Hardly worthy of explanation. These are tcp matches. Port numbers can be used instead of service names. Service names must match those in /etc/services

tcp dport 853 jump inbound_dns

Here the verdict statement jump tells the rule evaluation to continue with the rules in the named chain inbound_dns. More on that chain later. This is similar to iptables's -j

ct state vmap { established : accept, related : accept, invalid : drop }

This can look unfriendly at first but is actually very straight forward and very concise.

ct state is the first part of the connection tracking match and matches stateful traffic which is part of the conntrack (connection tracking) netfilter design.

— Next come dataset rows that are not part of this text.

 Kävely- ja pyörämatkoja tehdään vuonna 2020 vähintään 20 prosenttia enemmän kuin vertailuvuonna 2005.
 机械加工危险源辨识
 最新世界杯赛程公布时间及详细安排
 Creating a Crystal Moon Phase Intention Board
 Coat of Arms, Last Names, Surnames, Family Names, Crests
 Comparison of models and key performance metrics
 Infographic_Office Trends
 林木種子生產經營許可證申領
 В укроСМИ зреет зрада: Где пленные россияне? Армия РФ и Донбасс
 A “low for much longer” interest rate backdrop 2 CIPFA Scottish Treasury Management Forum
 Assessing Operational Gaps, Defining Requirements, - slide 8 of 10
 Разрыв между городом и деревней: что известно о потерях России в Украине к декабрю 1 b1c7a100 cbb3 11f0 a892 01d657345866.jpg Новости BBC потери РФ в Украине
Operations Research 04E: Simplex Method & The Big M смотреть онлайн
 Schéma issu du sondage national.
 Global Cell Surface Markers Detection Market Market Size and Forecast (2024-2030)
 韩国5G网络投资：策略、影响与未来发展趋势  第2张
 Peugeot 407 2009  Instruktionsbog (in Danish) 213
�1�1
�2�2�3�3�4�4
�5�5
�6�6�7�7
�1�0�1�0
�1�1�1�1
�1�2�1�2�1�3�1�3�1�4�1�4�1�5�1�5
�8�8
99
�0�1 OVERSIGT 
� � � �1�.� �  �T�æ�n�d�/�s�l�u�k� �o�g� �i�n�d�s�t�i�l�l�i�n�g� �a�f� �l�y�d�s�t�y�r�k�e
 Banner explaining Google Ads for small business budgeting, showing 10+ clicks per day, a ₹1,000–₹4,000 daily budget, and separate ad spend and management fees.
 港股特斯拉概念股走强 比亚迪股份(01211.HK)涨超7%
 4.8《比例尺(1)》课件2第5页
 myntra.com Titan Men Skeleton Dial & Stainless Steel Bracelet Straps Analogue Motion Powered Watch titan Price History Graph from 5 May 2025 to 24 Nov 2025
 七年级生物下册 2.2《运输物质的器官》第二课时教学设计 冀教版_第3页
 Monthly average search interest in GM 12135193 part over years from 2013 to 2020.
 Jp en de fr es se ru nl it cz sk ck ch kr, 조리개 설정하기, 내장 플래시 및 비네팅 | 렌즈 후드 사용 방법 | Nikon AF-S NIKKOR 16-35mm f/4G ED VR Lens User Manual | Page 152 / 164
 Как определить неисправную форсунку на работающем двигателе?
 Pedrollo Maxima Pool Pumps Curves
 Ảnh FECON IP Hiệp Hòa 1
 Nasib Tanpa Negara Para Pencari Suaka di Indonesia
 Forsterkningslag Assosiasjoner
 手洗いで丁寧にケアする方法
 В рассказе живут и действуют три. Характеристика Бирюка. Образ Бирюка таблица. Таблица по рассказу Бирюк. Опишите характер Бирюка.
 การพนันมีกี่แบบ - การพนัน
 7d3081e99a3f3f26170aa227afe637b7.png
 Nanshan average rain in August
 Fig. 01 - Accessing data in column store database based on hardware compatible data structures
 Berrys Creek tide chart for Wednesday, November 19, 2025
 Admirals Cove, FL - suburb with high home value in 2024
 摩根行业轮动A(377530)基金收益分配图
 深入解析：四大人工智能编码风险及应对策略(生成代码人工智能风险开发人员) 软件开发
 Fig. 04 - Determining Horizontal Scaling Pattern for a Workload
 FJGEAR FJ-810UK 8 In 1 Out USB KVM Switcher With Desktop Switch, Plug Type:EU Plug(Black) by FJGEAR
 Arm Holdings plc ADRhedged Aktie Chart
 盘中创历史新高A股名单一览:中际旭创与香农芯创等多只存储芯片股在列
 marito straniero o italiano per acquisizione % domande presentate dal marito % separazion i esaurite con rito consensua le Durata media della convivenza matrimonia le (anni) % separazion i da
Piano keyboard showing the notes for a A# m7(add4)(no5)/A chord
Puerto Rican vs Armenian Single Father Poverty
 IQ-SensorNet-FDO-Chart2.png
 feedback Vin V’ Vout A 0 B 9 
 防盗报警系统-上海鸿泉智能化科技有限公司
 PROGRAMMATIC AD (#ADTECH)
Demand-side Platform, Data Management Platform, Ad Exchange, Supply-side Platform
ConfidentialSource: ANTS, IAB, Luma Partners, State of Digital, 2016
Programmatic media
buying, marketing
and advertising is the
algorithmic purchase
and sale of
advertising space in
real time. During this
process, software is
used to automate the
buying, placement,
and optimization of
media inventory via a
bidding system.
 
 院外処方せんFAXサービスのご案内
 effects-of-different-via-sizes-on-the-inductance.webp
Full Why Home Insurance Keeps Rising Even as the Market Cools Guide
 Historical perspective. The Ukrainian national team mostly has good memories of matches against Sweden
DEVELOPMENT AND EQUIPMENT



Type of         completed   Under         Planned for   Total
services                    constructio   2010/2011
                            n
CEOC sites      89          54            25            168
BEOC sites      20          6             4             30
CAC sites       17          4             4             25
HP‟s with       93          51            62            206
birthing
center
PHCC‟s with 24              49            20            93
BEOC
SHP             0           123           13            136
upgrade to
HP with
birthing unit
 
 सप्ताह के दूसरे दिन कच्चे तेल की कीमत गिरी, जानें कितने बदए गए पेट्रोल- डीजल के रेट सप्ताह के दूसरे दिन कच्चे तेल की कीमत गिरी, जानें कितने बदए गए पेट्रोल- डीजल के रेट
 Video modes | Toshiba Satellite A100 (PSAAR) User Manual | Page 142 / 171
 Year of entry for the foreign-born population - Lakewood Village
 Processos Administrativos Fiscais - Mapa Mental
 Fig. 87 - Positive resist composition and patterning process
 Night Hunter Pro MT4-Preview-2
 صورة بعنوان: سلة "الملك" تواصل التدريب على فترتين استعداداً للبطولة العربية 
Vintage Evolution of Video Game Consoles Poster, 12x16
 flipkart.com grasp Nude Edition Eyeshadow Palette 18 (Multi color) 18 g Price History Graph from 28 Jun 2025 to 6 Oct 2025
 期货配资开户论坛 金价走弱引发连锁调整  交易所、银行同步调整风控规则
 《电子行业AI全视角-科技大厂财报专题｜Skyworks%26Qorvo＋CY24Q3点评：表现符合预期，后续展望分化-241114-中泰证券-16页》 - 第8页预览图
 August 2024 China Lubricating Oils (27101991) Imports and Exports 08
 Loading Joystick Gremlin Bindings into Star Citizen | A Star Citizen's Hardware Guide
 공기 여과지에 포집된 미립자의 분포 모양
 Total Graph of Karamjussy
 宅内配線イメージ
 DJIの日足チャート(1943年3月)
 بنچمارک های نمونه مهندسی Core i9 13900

The vmap or verdict map, is a map containing expressions as keys and verdicts as values. Without the use of a vmap, the same one line rule becomes:

ct state established accept
ct state related accept
ct state invalid drop

A question of style ultimately, but I prefer the vmap one.

Rate-limiting, Counters and Logging

TCP traffic with a destination port of 853 we want to have evaluated in it's own chain. This is defined by the syntax chain inbound_dns. Nftables refers to this type of chain as a "regular" chain and requires just an arbitrary name. Essentially, regular chains are means of rule organization.

Let's look at the first rule in this chain:

counter name counter_all_dns_packets

This is a non-verdict and non-terminating statement. It increments a "named" counter which is defined later in the ruleset as:

counter counter_all_dns_packets

Therefor, every inbound 853 packet is counted. This is perfect for metrics and by using a named counter, we can do some interrogation from the command line, e.g.

$>nft list counter main counter_all_dns_packets
table ip main {
        counter counter_all_dns_packets {
                packets 4106 bytes 262200
        }

Counters can also be dumped as JSON with the -j flag. Perfect for putting in to something like DataDog DogStatsD and generating metrics.

$>nft -j list counter main counter_all_dns_packets
{"nftables": [{"metainfo": {"version": "0.9.8", "release_name": "E.D.S.", "json_schema_version": 1}}, {"counter": {"family": "ip", "name": "counter_all_dns_packets", "table": "main", "handle": 5, "packets": 4107, "bytes": 262264}}]}

Because this is a non-verdict and non-terminating statement, rule evaluation continues with:

ct state new add @rate_meter_inbound_dns { ip saddr limit rate 30/minute burst 10 packets } accept

This is obviously the most comprehensive and powerful rule in our ruleset. As you can probably see, we want to prevent a traffic-flooding DoS attack by rate-limiting inbound traffic but importantly, do this per source IP address.

30 packets are allowed per minute (per IP), with a burst-limit of 10 (see below for an explanation of this). All limits are reset after 10minutes. Furthermore, we also want to count the number of requests that break this rule (flood) and we want to log a selection of those requests.

Those coming from iptables will know that this is implemented as a hashlimit.

nftables uses dynamic maps and sets to keep state. Because this rate-limiting rule tracks source IP addresses it is therefore dynamic. So, we match new tcp connections and use a "named dynamic set" to store the source ip address which forms part of the rule match. @ specifies the named set.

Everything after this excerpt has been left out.